CAP of unknown aetiology is relatively common among immunocompromised patients [23, 24]. In this study, a substantial number of patients (39.3%) presented with CAP of unknown aetiology, despite our only including patients who underwent BRS to minimise the number of patients with an undetermined aetiology. The incidence of CAP of unknown aetiology did not decrease during the COVID-19 pandemic; however, this may not necessarily indicate that these cases were not caused by pathogens such as viruses or bacteria. The lack of testing for atypical infections and diagnostic limitations of laboratory techniques prevents us from drawing a definitive conclusion. It is plausible that these cases were associated with the patients' underlying diseases or immunocompromised status, but further investigation is needed to establish a causal relationship.
We investigated the risk factors for in-hospital mortality in patients with HM who had CAP. Consistent with previous studies [25, 26], high SOFA scores and low platelet counts were found to be risk factors for in-hospital mortality in patients with HM who had CAP. In general, while the CURB-65 (confusion, uraemia, respiratory rate, blood pressure, age ≥ 65 years) criteria or pneumonia severity index (PSI) are commonly used to predict the prognosis of patients with pneumonia, previous studies have shown that they are not effective in immunocompromised patients with cancer [27]. Thus, we opted to use the SOFA score instead. Thrombocytopenia is also associated with the severity of and poor prognosis in patients with infections [28, 29]. Platelets play a role in inflammation and host defence mechanisms against microbial agents. Additionally, thrombocytopenia reflects bone marrow failure in patients with HM [30]. Therefore, thrombocytopenia could be a significant predictor of poor prognosis in patients with HM and CAP.

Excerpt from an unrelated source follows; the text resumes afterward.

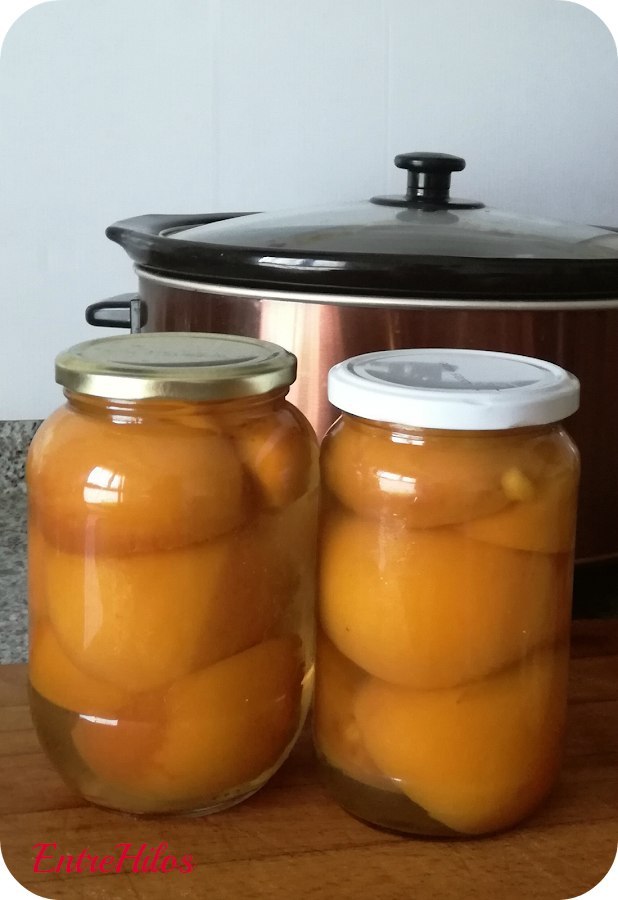 como hacer melocotones en almibar en la slow cooker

This study has several limitations. First, its retrospective design and single-centre implementation may introduce a selection bias, potentially affecting the significance of our findings. Nevertheless, we meticulously examined all admitted patients with CAP who underwent BRS in this single, large, 4-year cohort with consistent treatment protocols. The objective of our study was to assess the impact of the COVID-19 pandemic on the changing pattern of aetiology of CAP in patients with HM; thus, the setting of this study did not significantly deviate from that of a prospective observational study. Second, conducting a single-centre study may have had limitations in determining the overall aetiology of CAP in all patients with HM. However, this institution serves as the largest Asian centre for haematological disorders, performing over 500 bone marrow transplantations annually. Therefore, these data can be considered reasonably representative. Third, patients’ COVID-19 histories were not investigated. Previous studies reported that COVID-19 is a risk factor for bacterial or fungal co-infections and can play a significant role in patient prognosis [31, 32]. However, due to the retrospective nature of the study, it was not possible to conduct an investigation. Additional studies are needed to evaluate the impact of a COVID-19 history on the prognosis of patients with CAP and HM.